These six are just the highlights. New khipus are regularly being explored on KhipuReader, and with each one we're formulating new hypotheses about document structure, vocabulary, and regional variation. But taking these readings further requires domain expertise that goes beyond what computation alone can provide: Quechua and Aymara linguists, Andean historians, specialists in Inca administration and land tenure. If you have that background, your contribution could make a real difference.
But what if it's just a statistical artifact?
Fair objection. Quechua has only ~38 CV syllables. If you assign 13 of them to 13 knot types, you'll inevitably hit real words in a large dictionary. A 60% "hit rate" on its own doesn't prove anything. We tested this head-on.
We generated 10,000 random mappings: 13 Quechua syllables drawn at random, assigned randomly to the 13 knot positions. For each, we translated the entire STRING corpus and counted dictionary hits. Our mapping scores at p = 0.001, significantly above chance, but some random mappings do approach our raw hit rate. The skeptics have a point on this one.
But raw hits are the wrong test. A random mapping that produces 65% dictionary hits gives you incoherent words from one khipu to the next. Ours does not.
The decisive test: semantic coherence
We classified 84 khipus into 6 functional categories (juridical, astronomical, cadastral, labor, ritual, administrative) and defined word lists for each based on known Quechua vocabulary. Then we measured how many words fall into the correct category for each khipu. A random mapping would scatter words uniformly across categories.
| Our mapping | Random mean | Random max | |
|---|---|---|---|
| On-target words | 263 | 47.8 | 243 |
| Specificity | 28.0% | 6.0% | 28.2% |
| z-score | 6.77 | ||
| p-value | < 0.0001 |
None of the 10,000 random mappings reached 263 on-target words. A z-score of 6.77 corresponds to roughly 1 in 100 million under the null hypothesis. Juridical khipus contain 78.8% juridical words. A random mapping produces about 6%.
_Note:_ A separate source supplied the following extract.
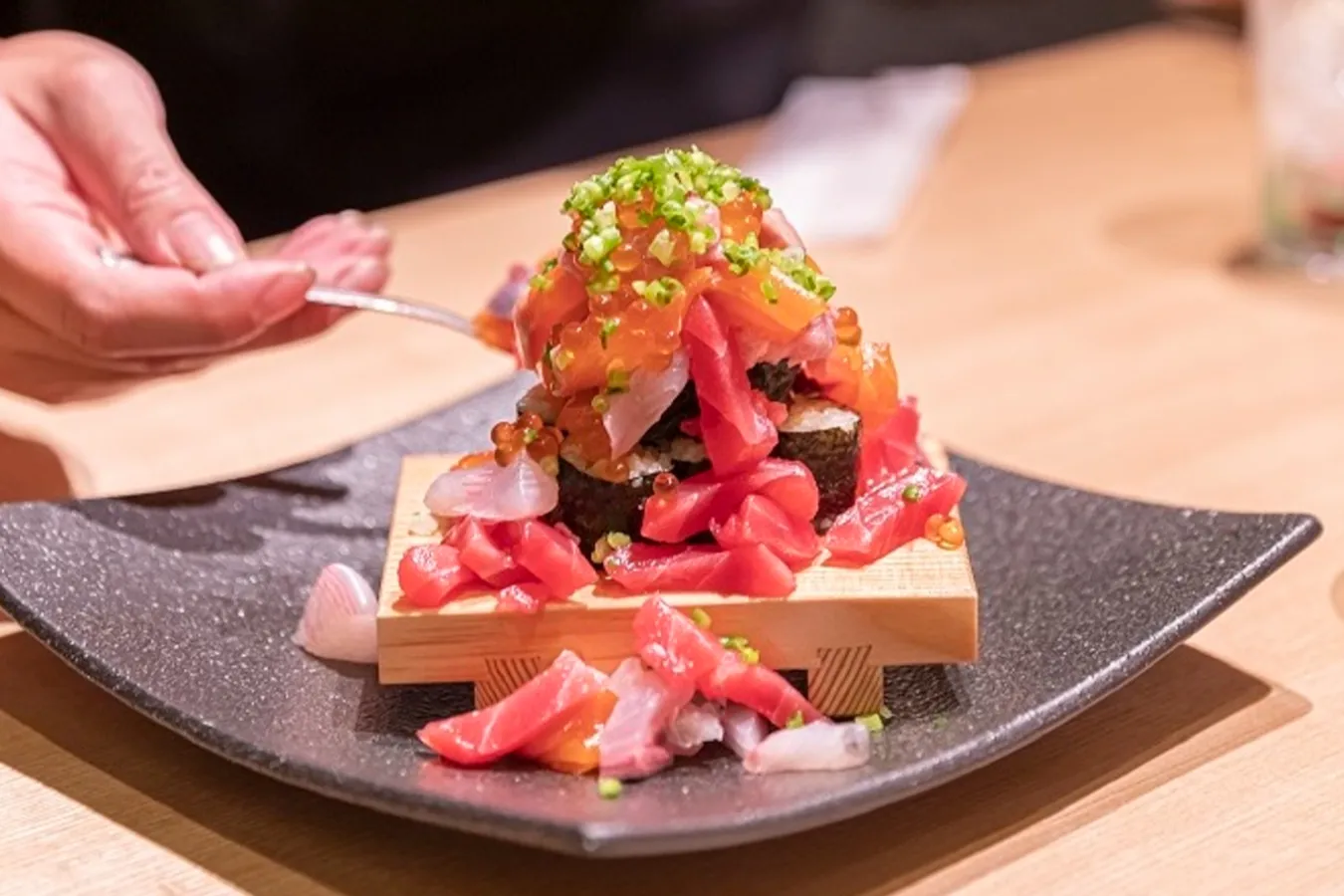 【蒲田】大阪で人気！「すしやコトブキ」、東京初出店_770301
Documents say what they're supposed to say. That's not something a dictionary artifact can produce.
Four independent lines that converge
Intra-document coherence (p < 0.0001): words cluster by theme within each khipu. Juridical documents contain juridical vocabulary, astronomical documents contain star names.
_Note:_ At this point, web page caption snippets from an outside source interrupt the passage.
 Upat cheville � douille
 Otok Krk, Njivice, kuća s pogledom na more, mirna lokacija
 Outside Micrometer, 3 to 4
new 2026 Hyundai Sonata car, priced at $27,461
Blind replication (p = 0.004): UR112, a khipu never used to build the syllabary, scores at the 99.6th percentile across 154,440 possible mappings.
Astronomical dating (p = 0.0002): "star names" produced by the syllabary on UR006 correlate with actual celestial positions at archaeologically consistent dates (June 1473 CE).
External generalization: the syllabary works on 93 khipus from an independent database (Khipu Field Guide) that was never seen during construction.
Bottom line
A dictionary artifact does not produce astronomical dating. Overfitting does not generalize to an external corpus. The syllabary rests on the convergence of four independent lines of evidence, three of which are quantifiable at p < 0.01.
Dating the khipus
A dating system has been identified in the first cords of many khipus. In the most common pattern (Mode A), cord 1 encodes the year as an offset from 1438 CE (the accession of Pachacutec), cord 2 the month (1–12), and cord 3 the day. A second pattern (Mode B) uses a checkbox tick at the month position. Fifty-seven dates have been extracted across the corpus, spanning 1451–1536 CE.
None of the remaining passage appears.